* _Captioned web image data_
——————————
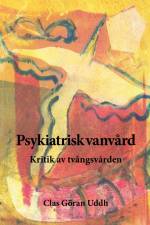Psykiatrisk vanvård : kritik av tvångsvården af Clas Göran Uddh
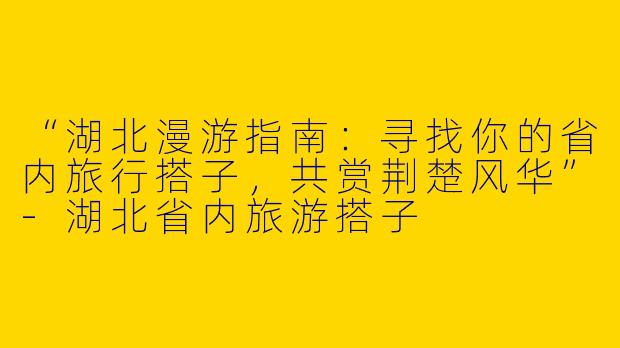 “湖北漫游指南：寻找你的省内旅行搭子，共赏荆楚风华”-湖北省内旅游搭子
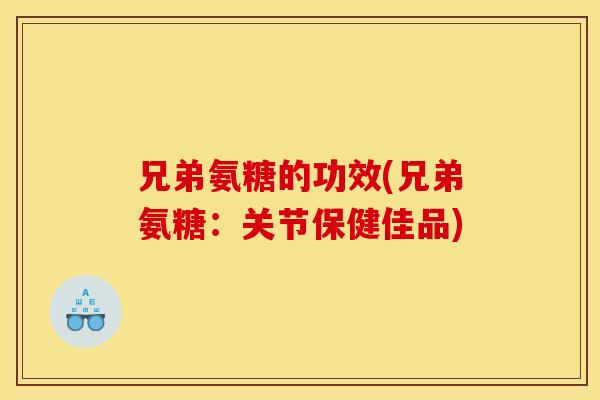 兄弟氨糖的功效(兄弟氨糖：关节保健佳品)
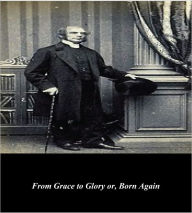 Title: From Grace to Glory or, Born Again, Author: Octavius Winslow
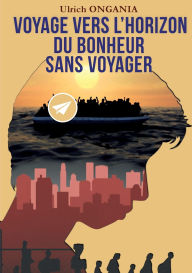 Title: Voyage vers l'horizon du bonheur sans voyager, Author: Ulrich Ongania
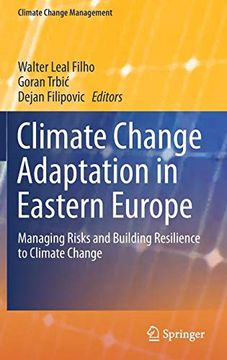 portada Climate Change Adaptation in Eastern Europe: Managing Risks and Building Resilience to Climate Change (Climate Change Management) (en Inglés)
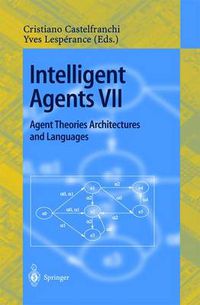 Cover image for Intelligent Agents VII. Agent Theories Architectures and Languages: 7th International Workshop, ATAL 2000, Boston, MA, USA, July 7-9, 2000. Proceedings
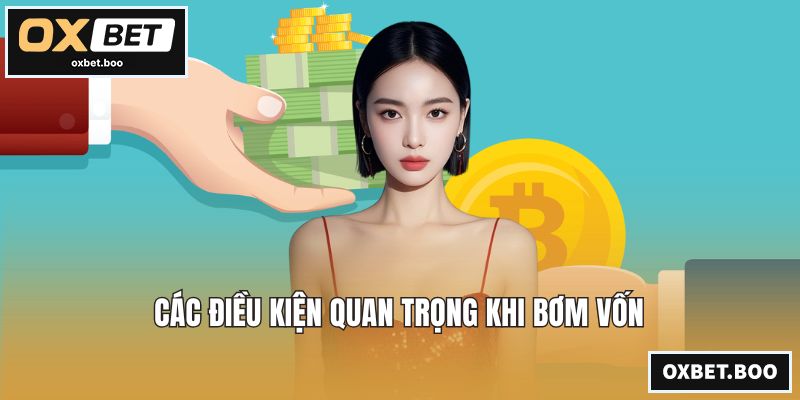 Các điều kiện quan trọng khi bơm vốn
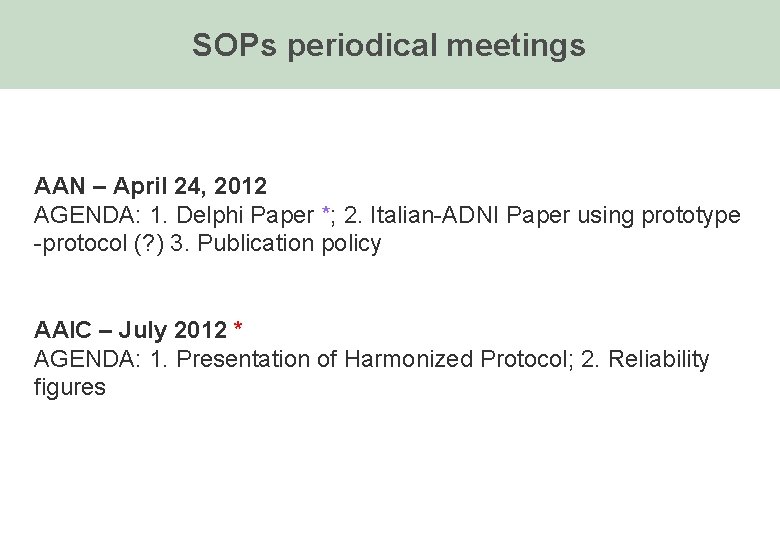 SOPs periodical meetings AAN – April 24, 2012 AGENDA: 1. Delphi Paper *; 2.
——————————
* _WHAT IS REQUIRED_
Repeat the data exactly as given. Keep every picture out of the copy.

* _RESPONSE AREA_
Psykiatrisk vanvård : kritik av tvångsvården af Clas Göran Uddh
 “湖北漫游指南：寻找你的省内旅行搭子，共赏荆楚风华”-湖北省内旅游搭子
 兄弟氨糖的功效(兄弟氨糖：关节保健佳品)
 Title: From Grace to Glory or, Born Again, Author: Octavius Winslow
 Title: Voyage vers l'horizon du bonheur sans voyager, Author: Ulrich Ongania
 portada Climate Change Adaptation in Eastern Europe: Managing Risks and Building Resilience to Climate Change (Climate Change Management) (en Inglés)
 Cover image for Intelligent Agents VII. Agent Theories Architectures and Languages: 7th International Workshop, ATAL 2000, Boston, MA, USA, July 7-9, 2000. Proceedings
 Các điều kiện quan trọng khi bơm vốn
 SOPs periodical meetings AAN – April 24, 2012 AGENDA: 1. Delphi Paper *; 2.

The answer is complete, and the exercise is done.